RECORDS FOR THE EXERCISE.

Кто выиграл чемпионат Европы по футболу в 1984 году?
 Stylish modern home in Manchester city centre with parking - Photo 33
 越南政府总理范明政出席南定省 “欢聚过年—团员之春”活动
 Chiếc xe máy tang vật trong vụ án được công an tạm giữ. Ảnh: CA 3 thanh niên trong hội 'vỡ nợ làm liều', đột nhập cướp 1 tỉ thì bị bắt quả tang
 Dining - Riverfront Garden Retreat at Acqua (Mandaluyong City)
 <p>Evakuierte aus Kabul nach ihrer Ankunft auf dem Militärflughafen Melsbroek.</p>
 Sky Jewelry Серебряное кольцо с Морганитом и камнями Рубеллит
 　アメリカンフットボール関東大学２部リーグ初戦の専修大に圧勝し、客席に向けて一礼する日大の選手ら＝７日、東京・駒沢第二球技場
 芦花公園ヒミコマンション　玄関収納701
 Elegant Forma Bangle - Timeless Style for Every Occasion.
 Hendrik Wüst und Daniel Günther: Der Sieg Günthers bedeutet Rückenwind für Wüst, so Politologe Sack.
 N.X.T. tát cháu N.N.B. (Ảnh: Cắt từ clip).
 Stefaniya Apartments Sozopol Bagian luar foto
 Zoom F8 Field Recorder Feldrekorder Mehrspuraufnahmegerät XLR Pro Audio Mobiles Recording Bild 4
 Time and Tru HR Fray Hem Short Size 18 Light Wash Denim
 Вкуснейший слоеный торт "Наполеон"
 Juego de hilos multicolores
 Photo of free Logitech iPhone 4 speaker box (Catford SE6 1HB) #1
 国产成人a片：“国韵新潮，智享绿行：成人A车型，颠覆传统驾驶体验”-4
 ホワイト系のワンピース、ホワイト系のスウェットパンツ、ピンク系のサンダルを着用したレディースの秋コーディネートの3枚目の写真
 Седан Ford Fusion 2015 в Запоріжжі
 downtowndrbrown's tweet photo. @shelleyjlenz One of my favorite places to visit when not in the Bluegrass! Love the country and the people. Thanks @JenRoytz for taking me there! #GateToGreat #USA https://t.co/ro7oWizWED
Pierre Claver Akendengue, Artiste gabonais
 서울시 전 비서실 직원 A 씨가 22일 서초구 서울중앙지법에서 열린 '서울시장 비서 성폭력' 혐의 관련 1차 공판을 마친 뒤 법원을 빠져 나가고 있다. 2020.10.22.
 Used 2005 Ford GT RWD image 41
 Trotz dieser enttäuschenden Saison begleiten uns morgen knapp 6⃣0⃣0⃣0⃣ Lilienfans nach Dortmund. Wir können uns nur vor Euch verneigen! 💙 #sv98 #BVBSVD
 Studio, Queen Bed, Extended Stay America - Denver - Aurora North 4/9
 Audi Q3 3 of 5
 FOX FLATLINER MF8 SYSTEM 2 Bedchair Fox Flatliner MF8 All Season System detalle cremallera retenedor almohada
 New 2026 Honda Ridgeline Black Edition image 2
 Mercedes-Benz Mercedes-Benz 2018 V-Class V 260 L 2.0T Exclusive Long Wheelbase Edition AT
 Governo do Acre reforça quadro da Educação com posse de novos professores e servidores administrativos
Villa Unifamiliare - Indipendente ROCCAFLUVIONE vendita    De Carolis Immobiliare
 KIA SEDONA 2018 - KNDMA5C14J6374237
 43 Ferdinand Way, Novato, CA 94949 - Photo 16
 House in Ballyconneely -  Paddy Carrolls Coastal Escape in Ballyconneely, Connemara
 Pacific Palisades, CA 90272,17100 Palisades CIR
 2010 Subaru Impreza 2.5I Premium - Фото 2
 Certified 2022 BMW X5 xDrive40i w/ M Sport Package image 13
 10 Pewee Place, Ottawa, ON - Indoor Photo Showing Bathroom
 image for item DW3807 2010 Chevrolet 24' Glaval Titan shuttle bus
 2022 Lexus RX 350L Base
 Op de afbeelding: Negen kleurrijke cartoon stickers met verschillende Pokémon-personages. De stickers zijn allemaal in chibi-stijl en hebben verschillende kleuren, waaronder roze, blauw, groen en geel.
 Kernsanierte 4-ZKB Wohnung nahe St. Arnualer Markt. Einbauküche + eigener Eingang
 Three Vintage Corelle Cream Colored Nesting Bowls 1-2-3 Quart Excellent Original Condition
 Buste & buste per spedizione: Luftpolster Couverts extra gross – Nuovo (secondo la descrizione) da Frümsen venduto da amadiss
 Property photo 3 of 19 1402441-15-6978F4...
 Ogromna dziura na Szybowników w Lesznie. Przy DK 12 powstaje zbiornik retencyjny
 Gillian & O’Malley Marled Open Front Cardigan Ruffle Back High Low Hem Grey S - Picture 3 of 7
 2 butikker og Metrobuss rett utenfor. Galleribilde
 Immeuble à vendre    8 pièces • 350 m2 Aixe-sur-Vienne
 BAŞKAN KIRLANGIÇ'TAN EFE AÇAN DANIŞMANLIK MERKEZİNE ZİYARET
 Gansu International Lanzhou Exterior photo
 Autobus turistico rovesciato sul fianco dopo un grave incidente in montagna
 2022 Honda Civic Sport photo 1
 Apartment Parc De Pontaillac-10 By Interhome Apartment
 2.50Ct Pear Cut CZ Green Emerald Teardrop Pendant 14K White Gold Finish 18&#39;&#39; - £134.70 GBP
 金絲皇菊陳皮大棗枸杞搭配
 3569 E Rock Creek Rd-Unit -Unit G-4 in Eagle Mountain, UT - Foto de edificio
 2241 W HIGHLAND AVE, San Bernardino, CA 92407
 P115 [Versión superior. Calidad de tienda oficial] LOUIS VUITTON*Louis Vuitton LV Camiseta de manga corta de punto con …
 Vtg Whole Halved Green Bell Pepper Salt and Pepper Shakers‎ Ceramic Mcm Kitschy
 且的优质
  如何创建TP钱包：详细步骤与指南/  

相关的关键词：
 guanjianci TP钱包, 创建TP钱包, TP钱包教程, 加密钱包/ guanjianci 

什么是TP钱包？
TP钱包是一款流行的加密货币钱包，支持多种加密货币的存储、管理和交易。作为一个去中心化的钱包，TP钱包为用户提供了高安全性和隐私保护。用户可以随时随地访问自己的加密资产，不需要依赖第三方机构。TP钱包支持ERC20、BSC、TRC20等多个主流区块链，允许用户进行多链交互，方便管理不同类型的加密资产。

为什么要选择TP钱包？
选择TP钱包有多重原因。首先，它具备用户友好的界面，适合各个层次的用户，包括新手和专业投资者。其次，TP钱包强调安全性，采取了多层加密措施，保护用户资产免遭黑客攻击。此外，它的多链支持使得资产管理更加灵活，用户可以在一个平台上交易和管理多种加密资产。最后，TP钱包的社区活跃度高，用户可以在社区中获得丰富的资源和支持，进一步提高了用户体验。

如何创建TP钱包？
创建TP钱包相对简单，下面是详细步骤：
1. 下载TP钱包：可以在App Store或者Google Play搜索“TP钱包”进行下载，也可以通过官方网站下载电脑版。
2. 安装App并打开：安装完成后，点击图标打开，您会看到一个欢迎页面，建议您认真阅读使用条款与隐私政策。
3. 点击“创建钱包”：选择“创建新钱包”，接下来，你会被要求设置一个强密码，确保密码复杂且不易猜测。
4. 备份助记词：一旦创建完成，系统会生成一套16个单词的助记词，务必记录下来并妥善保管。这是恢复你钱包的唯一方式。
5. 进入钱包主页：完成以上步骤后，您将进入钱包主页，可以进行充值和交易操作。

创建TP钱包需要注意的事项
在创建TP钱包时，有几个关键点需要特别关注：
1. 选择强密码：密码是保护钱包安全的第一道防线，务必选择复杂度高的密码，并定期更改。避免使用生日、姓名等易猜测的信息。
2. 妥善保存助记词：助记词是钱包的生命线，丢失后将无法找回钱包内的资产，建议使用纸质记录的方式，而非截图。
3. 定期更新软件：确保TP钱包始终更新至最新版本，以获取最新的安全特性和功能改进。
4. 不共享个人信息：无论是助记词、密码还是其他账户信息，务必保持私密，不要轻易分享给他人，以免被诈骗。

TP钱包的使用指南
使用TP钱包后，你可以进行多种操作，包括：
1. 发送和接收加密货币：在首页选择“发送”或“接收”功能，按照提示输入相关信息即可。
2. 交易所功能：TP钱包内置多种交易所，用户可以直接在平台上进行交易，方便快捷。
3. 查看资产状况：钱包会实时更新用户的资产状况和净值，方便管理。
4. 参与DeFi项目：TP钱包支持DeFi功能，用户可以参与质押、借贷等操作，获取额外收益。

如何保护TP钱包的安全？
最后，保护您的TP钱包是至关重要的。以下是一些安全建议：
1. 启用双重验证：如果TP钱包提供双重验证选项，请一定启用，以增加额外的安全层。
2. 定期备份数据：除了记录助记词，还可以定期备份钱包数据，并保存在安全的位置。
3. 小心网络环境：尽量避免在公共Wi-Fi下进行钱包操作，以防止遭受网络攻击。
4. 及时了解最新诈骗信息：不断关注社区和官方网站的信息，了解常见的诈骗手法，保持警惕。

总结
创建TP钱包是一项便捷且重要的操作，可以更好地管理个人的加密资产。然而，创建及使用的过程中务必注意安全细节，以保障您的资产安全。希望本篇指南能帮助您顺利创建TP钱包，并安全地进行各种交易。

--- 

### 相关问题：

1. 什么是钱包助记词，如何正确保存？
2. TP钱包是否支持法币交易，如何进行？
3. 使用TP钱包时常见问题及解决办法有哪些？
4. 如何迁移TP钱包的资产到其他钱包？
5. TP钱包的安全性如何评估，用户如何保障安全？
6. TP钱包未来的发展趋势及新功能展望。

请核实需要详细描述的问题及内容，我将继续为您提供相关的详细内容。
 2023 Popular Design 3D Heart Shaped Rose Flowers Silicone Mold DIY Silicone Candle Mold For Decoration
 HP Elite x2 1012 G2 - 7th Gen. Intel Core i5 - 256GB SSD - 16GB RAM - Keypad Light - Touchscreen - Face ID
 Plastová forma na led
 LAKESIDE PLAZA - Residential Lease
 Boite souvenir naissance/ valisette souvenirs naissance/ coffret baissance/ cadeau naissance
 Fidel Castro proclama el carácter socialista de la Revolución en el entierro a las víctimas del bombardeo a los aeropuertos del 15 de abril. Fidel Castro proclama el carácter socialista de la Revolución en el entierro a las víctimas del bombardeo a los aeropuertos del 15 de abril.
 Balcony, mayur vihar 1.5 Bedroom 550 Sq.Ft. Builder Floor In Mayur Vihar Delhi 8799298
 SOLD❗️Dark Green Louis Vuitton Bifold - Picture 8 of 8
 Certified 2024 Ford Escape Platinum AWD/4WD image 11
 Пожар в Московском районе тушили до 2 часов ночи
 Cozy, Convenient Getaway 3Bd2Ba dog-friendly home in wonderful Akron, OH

PROBLEM DESCRIPTION.
If a line in the records contains the string "nach", copy it out.

EXERCISE SOLUTION.
 <p>Evakuierte aus Kabul nach ihrer Ankunft auf dem Militärflughafen Melsbroek.</p>
 Trotz dieser enttäuschenden Saison begleiten uns morgen knapp 6⃣0⃣0⃣0⃣ Lilienfans nach Dortmund. Wir können uns nur vor Euch verneigen! 💙 #sv98 #BVBSVD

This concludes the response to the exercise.